PROBLEM STATEMENT
Please give back each line below unchanged; none of the pictures should appear.

DATA EXCERPT
#####
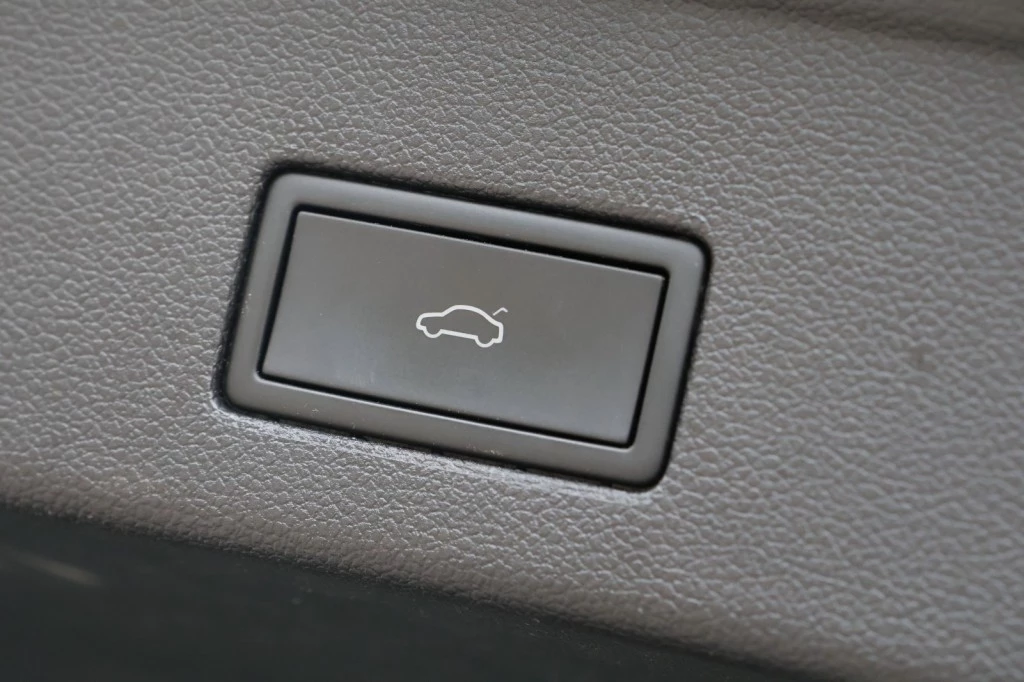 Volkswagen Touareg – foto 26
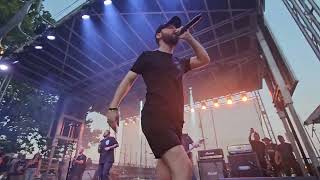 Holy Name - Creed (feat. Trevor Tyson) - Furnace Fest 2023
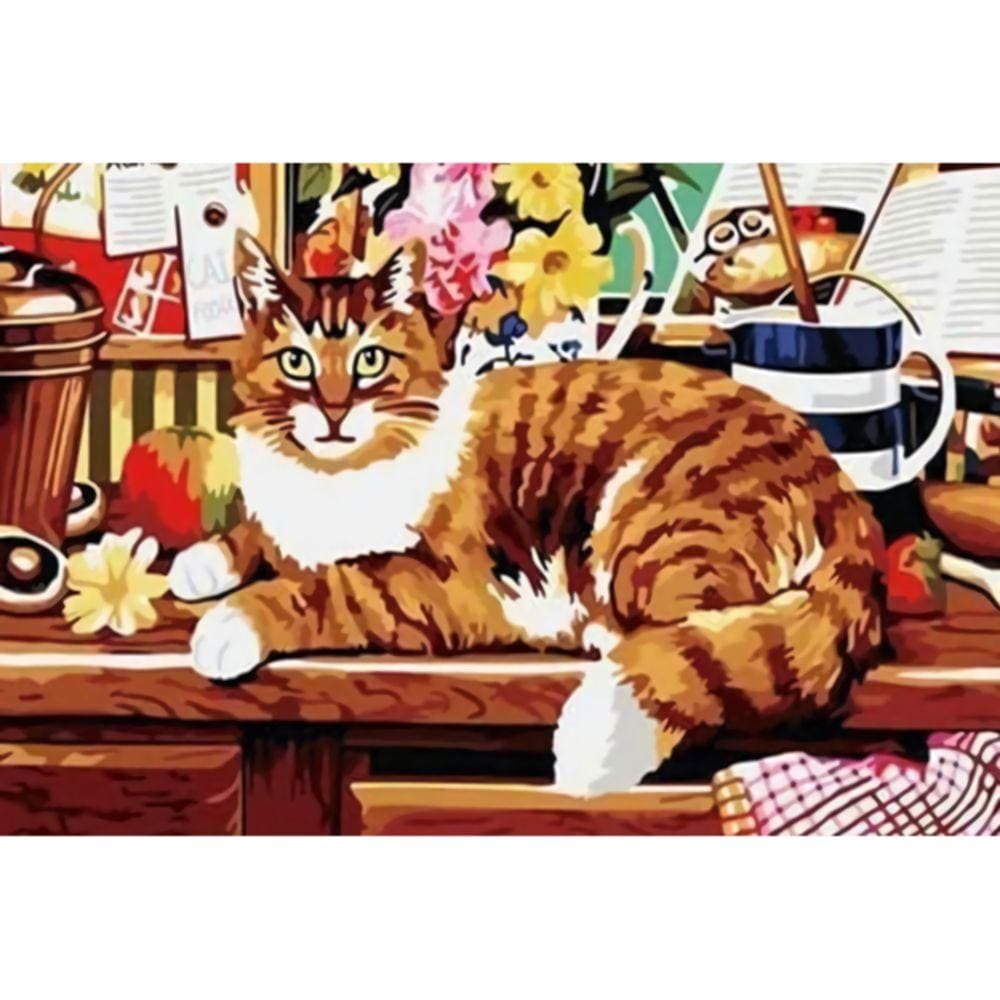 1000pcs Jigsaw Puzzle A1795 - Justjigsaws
#####
REPLY TO THE TASK
 Volkswagen Touareg – foto 26
 Holy Name - Creed (feat. Trevor Tyson) - Furnace Fest 2023
 1000pcs Jigsaw Puzzle A1795 - Justjigsaws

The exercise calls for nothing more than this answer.